What is more challenging is to understand the inner logic of the tradition, both historically and in its contemporary manifestations. It is also essential: U.S. activists need to develop a substantive grasp of this tradition to build meaningful alliances with comrades south of the border as well as a movement in the United States that embodies the best aspects of the political traditions brought by the millions of Mexican immigrants.

Ross Gandy and Donald Hodges’s Mexico under Siege: Popular Resistance to Presidential Despotism and Bill Weinberg’s Homage to Chiapas: The New Indigenous Struggles in Mexico provide excellent points of entry into this topic. Both books offer a comprehensive introduction to the Mexican revolutionary tradition and thus should be read by all U.S. activists seeking to develop a more international perspective. Their problems are also helpful because they indicate some of the difficulties we will face while envisioning a revolutionary movement in the Americas.

These books should be especially attractive to anarchists given that the authors all share a genuine connection to the anarchist tradition. Weinberg is a longtime participant in New York’s anti-authoritarian milieu, and Gandy and Hodges have their own links to the movement; for example, Hodges is the author of Mexican Anarchism after the Revolution (Austin: University of Texas Press, 1995), and Gandy describes himself as a participant in anarchist collectives (among other things) in the “About the Authors” section of Mexico under Siege.

Mexico under Siege: Popular Resistance to Presidential Despotism

Mexico under Siege chronicles the popular opposition to the Partido Revolucionario Institucional (PRI), the party that governed Mexico through a web of violence, corruption, and deceit for seventy years under the pretense of democracy. (This mix of authoritarianism and democratic fiction led Mario Vargas Llosa to label the PRI’s Mexico as the “perfect dictatorship.”[1]) Mexico under Siege can be read profitably as a companion to Gandy and Hodges’s Mexico, the End of the Revolution (Westport, Conn.: Praeger, 2002), which analyzes the course of the Mexican Revolution from its beginning in 1910 to its disappearance from the political scene as marked by Vicente Fox’s election in 2000.

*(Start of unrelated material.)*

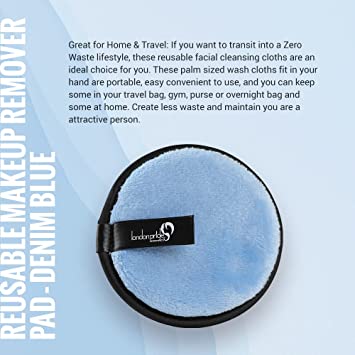 London Prime Cosmetics Reusable Pro Makeup Remover Pad-Denim Blue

The Mexican Revolution was one of the most far-reaching revolutions of the twentieth century, and its victory heralded major conquests for economic and political democracy. Mexico’s 1917 Constitution promised government support of popular movements for social justice, the nationalization of economic resources, the formation of cooperatives, and the spread of collectivism against capitalism. It offered land reform to the peasants as well as the right to unionize, strike, and share in employer profits to the workers. In other words, from the ruins of the Porfirio Díaz dictatorship and bitter years of civil war, a new social contract emerged between the people and state guided by a joint movement toward democracy and equality.

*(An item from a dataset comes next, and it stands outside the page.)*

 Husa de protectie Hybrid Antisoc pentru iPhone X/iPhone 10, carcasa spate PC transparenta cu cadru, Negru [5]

Yet this social contract disintegrated quickly, and people came to understand that the government was not an ally of the revolution but its opponent; Mexico under Siege tells the story of those who rose up in revolt. It describes the emergence of movements against the status quo along with their strategies and personages, and evaluates them comprehensively. Its introduction is structured around the revolutionary novels of B. Traven—a German anarchist who settled in Mexico after fleeing a death sentence due to his participation in the 1919 Bavarian soviet—and, from there, describes post-revolutionary resistance movements up to the contemporary period. It chronicles the militant labor protests of the 1940s, the revolutionary peasants’ movements of the late 1940s and 1950s (which provide the link between Emiliano Zapata and the guerrilla movements of the 1990s), the massive teacher and railroad workers’ strikes of the late 1950s, the guerrilla movements of the 1960s, the student movements of 1968 and 1971, the radical labor and peasant movements of 1970s, and of course the Zapatista uprising in Chiapas.[2]

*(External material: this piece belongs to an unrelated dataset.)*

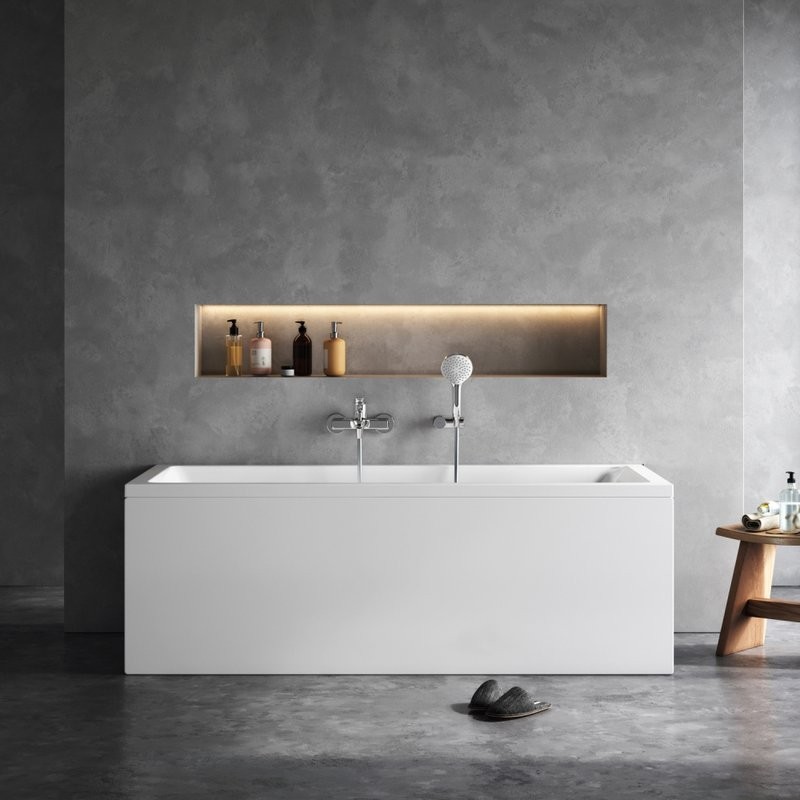 Акриловая ванна AM.PM Gem W93A 170x75 см, пристенная, белая, с каркасом, с экраном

This book has no parallel in English or Spanish. Although there are many works on specific movements in Mexico and some on particular aspects of the Mexican Left’s broader trajectory—such as Barry Carr’s Marxism and Communism in Twentieth-Century Mexico and Jorge Castañeda’s Utopia Unarmed: the Latin American Left after the Cold War—this is the first comprehensive treatment of Mexican popular resistance movements as a whole. Although this is a small book (256 pages) and thus overlooks important movements as well as crucial aspects of the movements that are considered, Gandy and Hodges demonstrate a consistent and evolving legacy of opposition. They do so not only by examining the historical evolution of the movements but also by providing a feeling of the organic continuity between them (wherein different tendencies and individuals interacted with and influenced one another). They also supply biographies of many of the leading activists and offer some unprecedented documentation to the historical record; for example, included in the appendix is a translation of The Plan of Cerro Prieto, a program distributed by peasant revolutionary Rubén Jaramillo before an uprising he led in 1953. This translation is based on the sole surviving mimeograph of the original document.

Gandy and Hodges’s panoramic study of the opposition ends on a sober note: the Mexican resistance failed to realize its primary goal of breaking the PRI’s stranglehold on political power. Although it is true that the PRI was dislodged from power through (relatively) clean elections in 2000, they point out that this was not an achievement of the popular resistance but primarily the result of many different forces and pressures (including pressure from the Right).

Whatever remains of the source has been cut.